A la loupe : Shenzhen, Shanghai – renaissance dans la douleur, sous la crise

A Shanghai et à Shenzhen, la récession offre la chance de se réinventer. Cette cure de jouvence est en fait une nécessité absolue, car elles sont déjà rattrapées par les provinces de l’Ouest, qui leur ont pris l’avantage concurrentiel.

A Shenzhen, après accord du Conseil d’Etat, cette ville la plus jeune de Chine, aux 11M d’âmes va quintupler son territoire en passant à 19000km², intégrant les cantons de Bao’an et de Longgang. Cette dotation foncière sera la «corbeille de mariage» de la fusion avec Hong Kong, d’ici 2047. L’Hinterland tout neuf permettra d’intégrer les ports et aéroports des deux villes, les PME high tech et la finance. Parmi les projets figurent la vieille idée d’une bourse des PME à risque (quoique HK l’ait déjà réalisée avec son GEM – Growth Enterprise Market), celles d’échanges de futures (marchés à terme), et d’obligations en devises et en ¥uan.

L’autre volet du plan est plus novateur. Il s’agit de refondre les 21 bureaux municipaux en trois départements de conception, d’exécution et de supervision. Décloisonner, supprimer les postes inutiles, forcer les ronds de cuir à repenser leurs services, en redistribuant plus équitablement la richesse sociale. Proposée dès 2001, cette réforme avait été d’abord enterrée par les cadres, dont elle menaçait les privilèges, mais aussi par l’aide dure du Parti, dérangée par cette apparence de concession à la démocratie : car le nouveau découpage ressemble comme deux gouttes d’eau à la classique séparation des pouvoirs entre législatif, exécutif et judiciaire. Aussi, La réforme est moins celle de Shenzhen que celle du régime entier, qui la teste derrière l’espace clos de ce territoire-tampon. Rare démonstration de l’Etat, d’une capacité à se remettre en cause !

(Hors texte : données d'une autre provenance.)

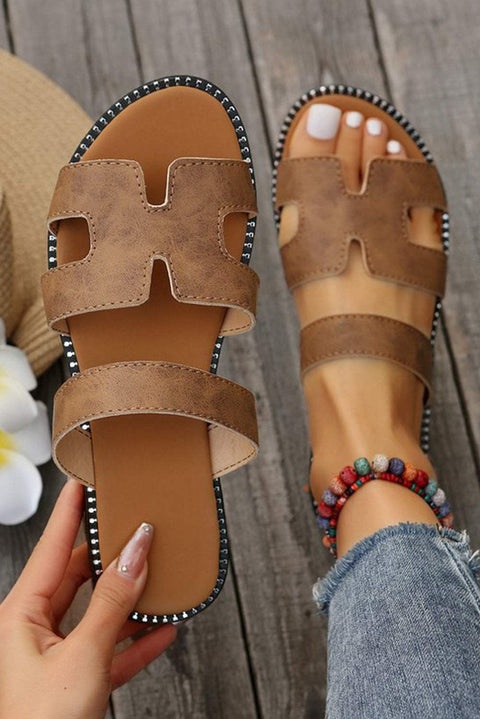 Black leather H band slides with cushioned footbed, perfect for casual or dressy occasions.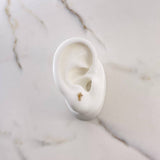 Topos Cruz 0.65gr / 6mm / Circones Blancos Oro Amarillo $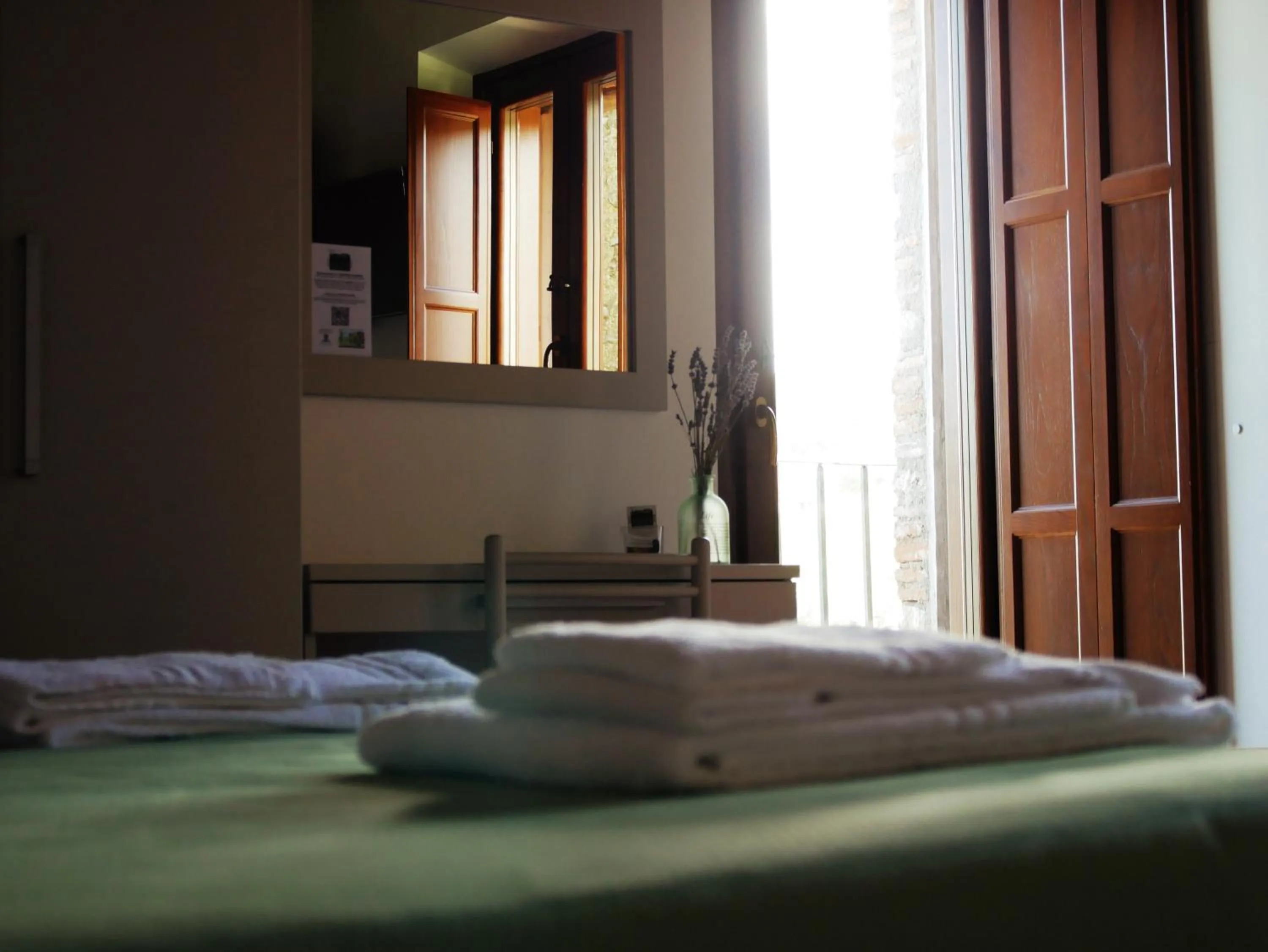 towels, Bed in B&B Leofreni Natura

A Shanghai, la renaissance est claire en concept, mais floue, voire en panne dans les moyens d’application. A ce 1er port du monde par le tonnage, Pékin vient d’octroyer l’objectif de se hisser d’ici 2020 au rang de hub financier et maritime mondial : Shanghai abandonnerait l’industrie pour devenir leader planétaire des services.

Mais comment faire ? En terme de service et de fiabilité, Shanghai ne peut se mesurer à Hong Kong, moins encore à Londres ou New York. Pour y parvenir, il faudrait disposer des mêmes outils que les autres : une finance (banques, bourses, assurances) ramifiée sur les cinq continents, une monnaie convertible. Or, Shanghai doit déchanter : Pékin n’a pas les moyens d’accélérer la libre convertibilité du yuan, ni l’ouverture de la finance à l’étranger, mais doit maintenir le bouclier protectionniste, au profit des provinces pauvres de l’intérieur. Il manque aussi un cadre légal aux normes internationales.

A ce vieil écueil, vient de se rajouter celui de la récession. Au 1er trimestre, Shanghai a vu son PIB, jusqu’en 2007 le plus vif du pays, chuter à +3,1%, le plus faible des provinces de la côte. Dans ces conditions, le cap vers un hub mondial en 2020 est remis en cause. Avant de rêver à l’avenir, Yu Zhengsheng, son Secrétaire du Parti doit rabattre sur ses prétentions et miser d’abord sur le sauvetage de ses industries. Shanghai l’admet à mi-voix : le seul objectif à sa portée, profitant du déclin de l’Amérique, n’est plus de devenir phare mondial, mais d’émerger comme 1ère place asiatique.